[Crawled caption data]
-- Opening Marker --

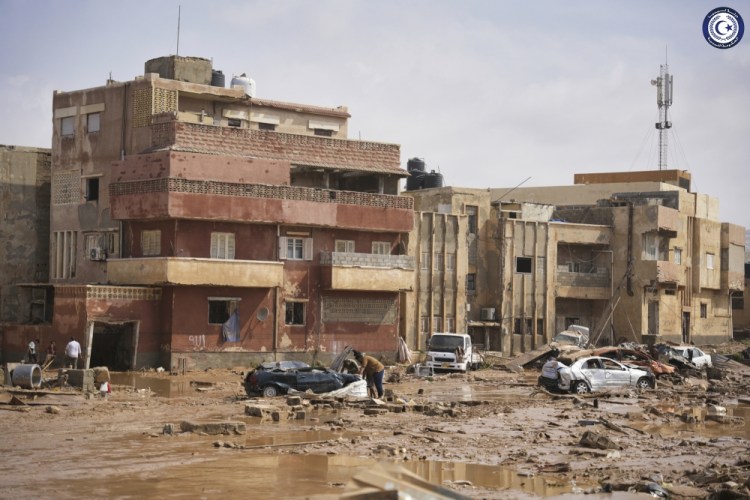 Libya Floods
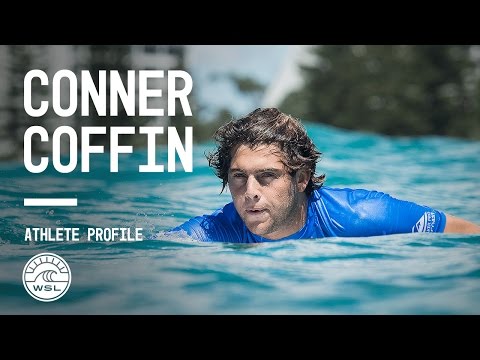 Success at the Quiksilver Pro: Conner Coffin Profile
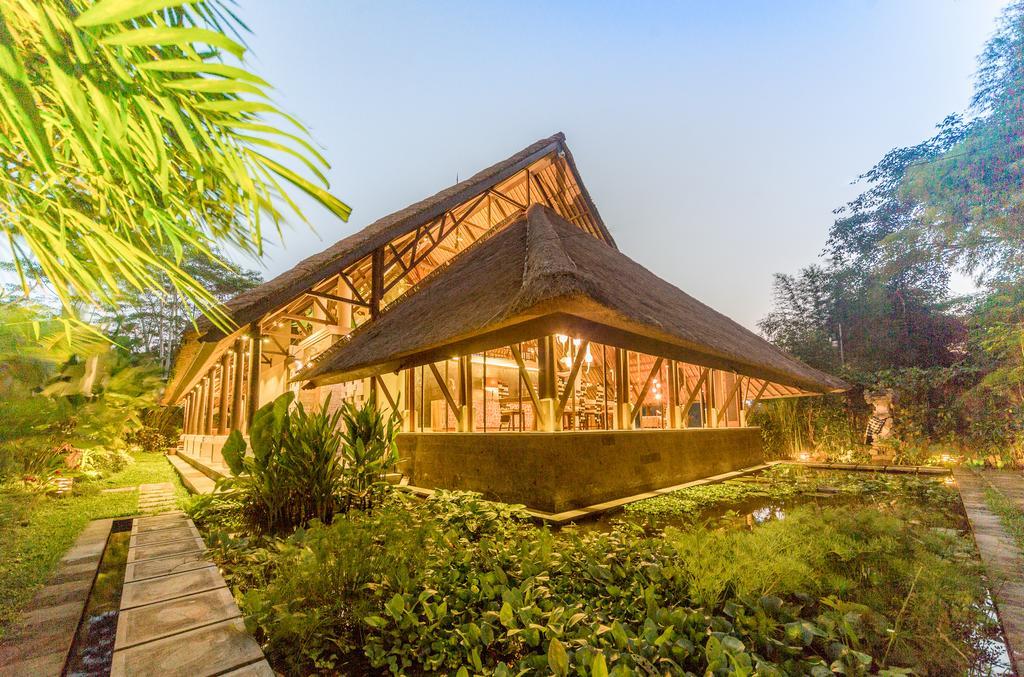 The Manipura Luxury Estate And Spa Up To 18 Person, Fully Serviced Ubud  Luaran gambar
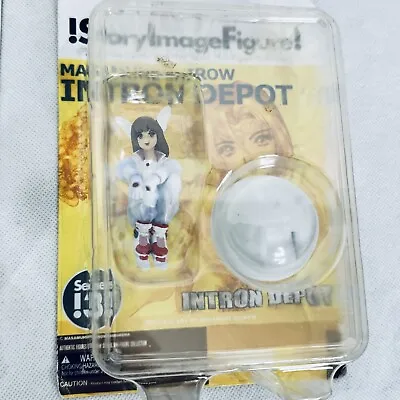 Masamune Shirow Intron Depot Moca Mini Figure Yamato !StoryImageFigure! Series 3 • $11.24
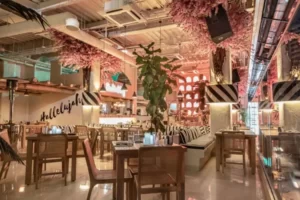 رستوران های پاتوق تهران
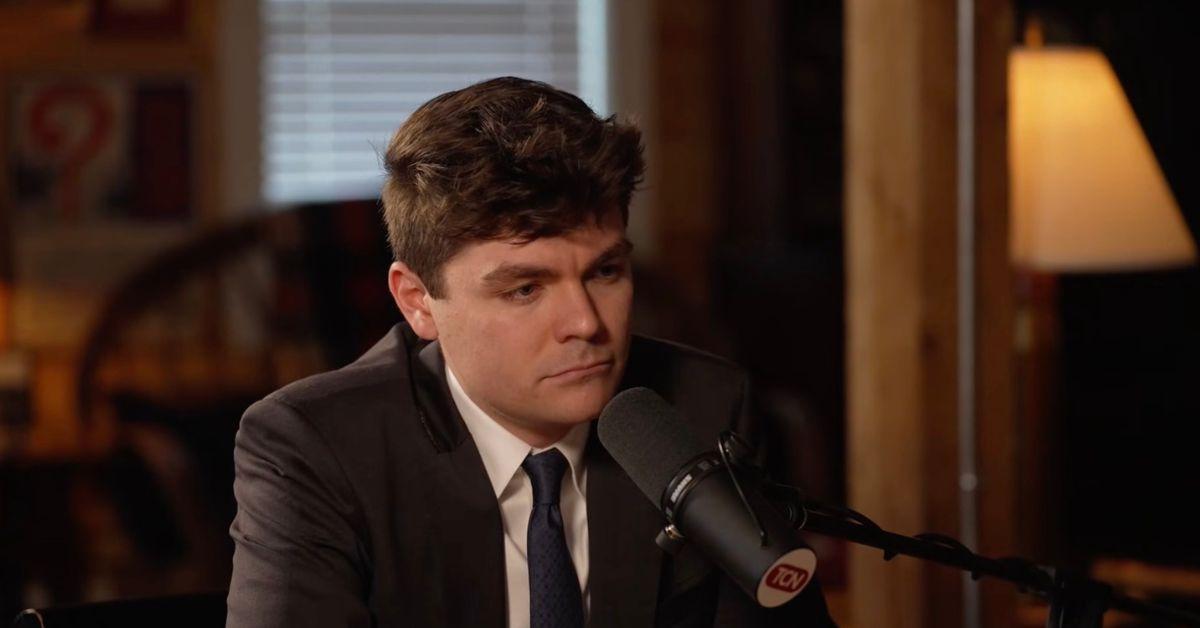 Photo of Nick Fuentes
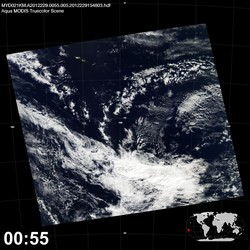 Level 1B Image at: 0055 UTC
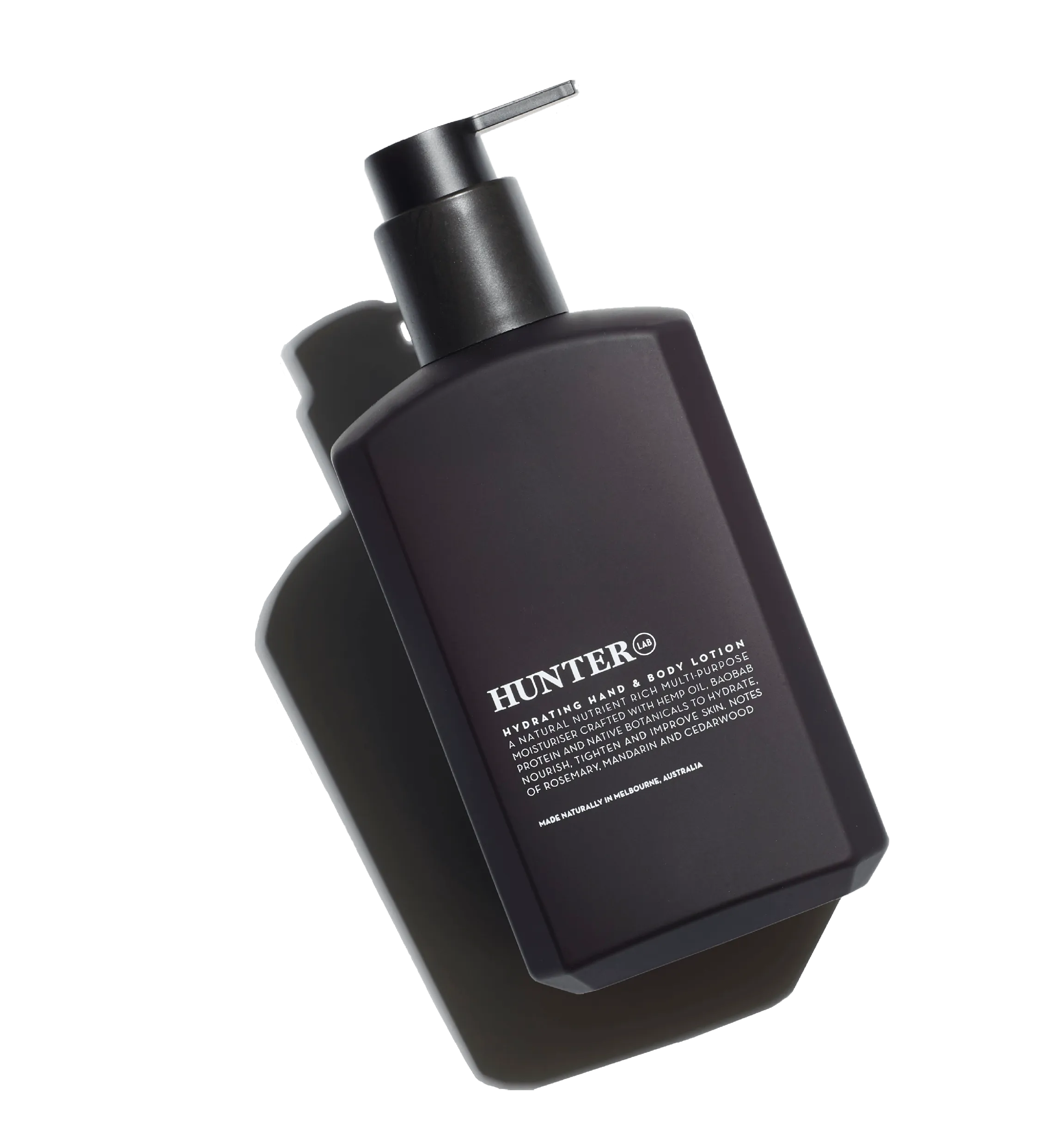 Hydrating Hand & Body Lotion 550ml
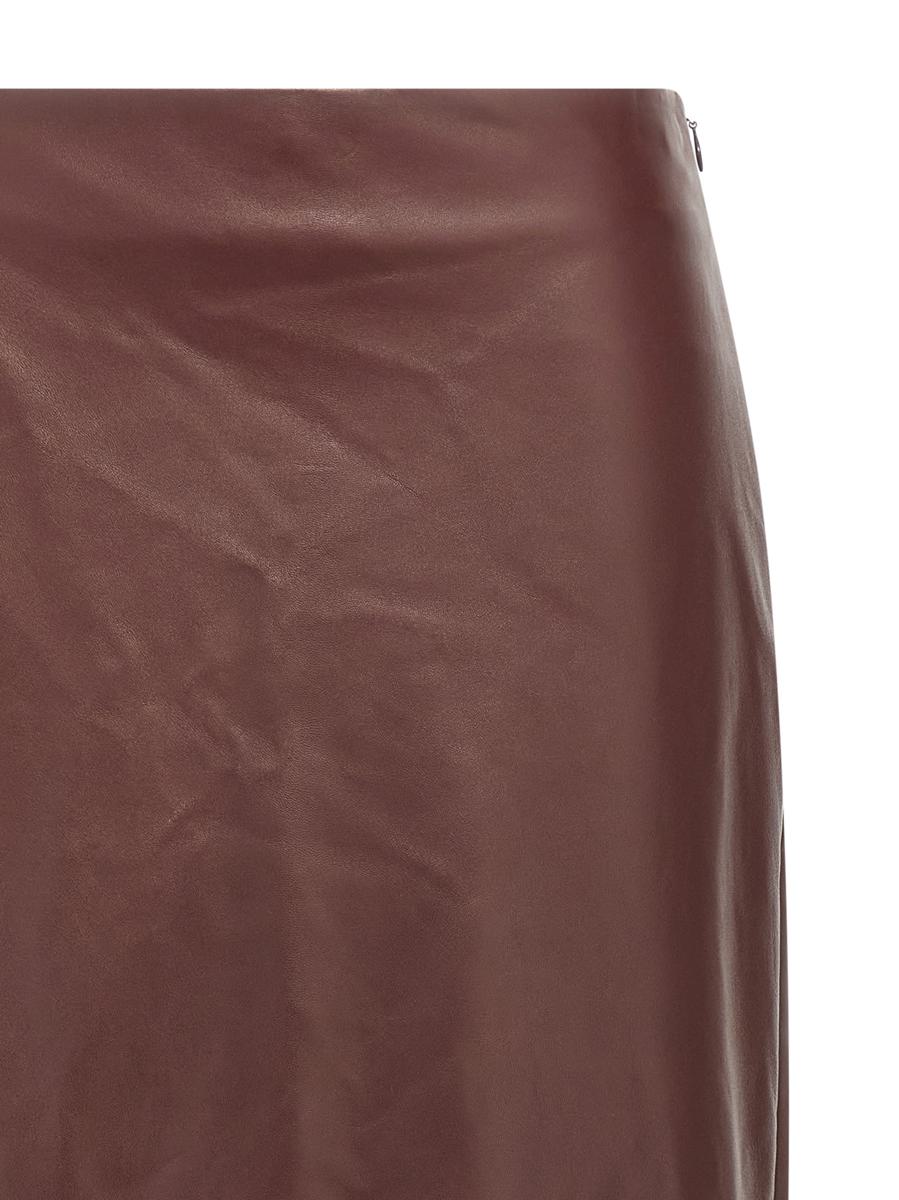 Brunello Cucinelli 'Column Long' Skirt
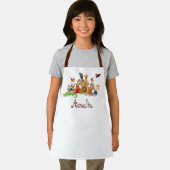 Gepersonaliseerde Kinderen Schort (Insitu)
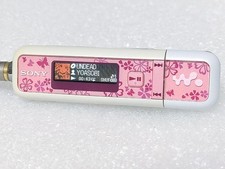 Sony NW-E026F Walkman Leitor de Música Portátil MP3 Player Cor Limitada Usado JAPÃO comprar usado  Enviando para Brazil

-- Closing Marker --

▶ [EXERCISE DETAILS] Each line above is to be repeated exactly as written; no picture is carried over.

▶ [REPLY]
 Libya Floods
 Success at the Quiksilver Pro: Conner Coffin Profile
 The Manipura Luxury Estate And Spa Up To 18 Person, Fully Serviced Ubud  Luaran gambar
 Masamune Shirow Intron Depot Moca Mini Figure Yamato !StoryImageFigure! Series 3 • $11.24
 رستوران های پاتوق تهران
 Photo of Nick Fuentes
 Level 1B Image at: 0055 UTC
 Hydrating Hand & Body Lotion 550ml
 Brunello Cucinelli 'Column Long' Skirt
 Gepersonaliseerde Kinderen Schort (Insitu)
 Sony NW-E026F Walkman Leitor de Música Portátil MP3 Player Cor Limitada Usado JAPÃO comprar usado  Enviando para Brazil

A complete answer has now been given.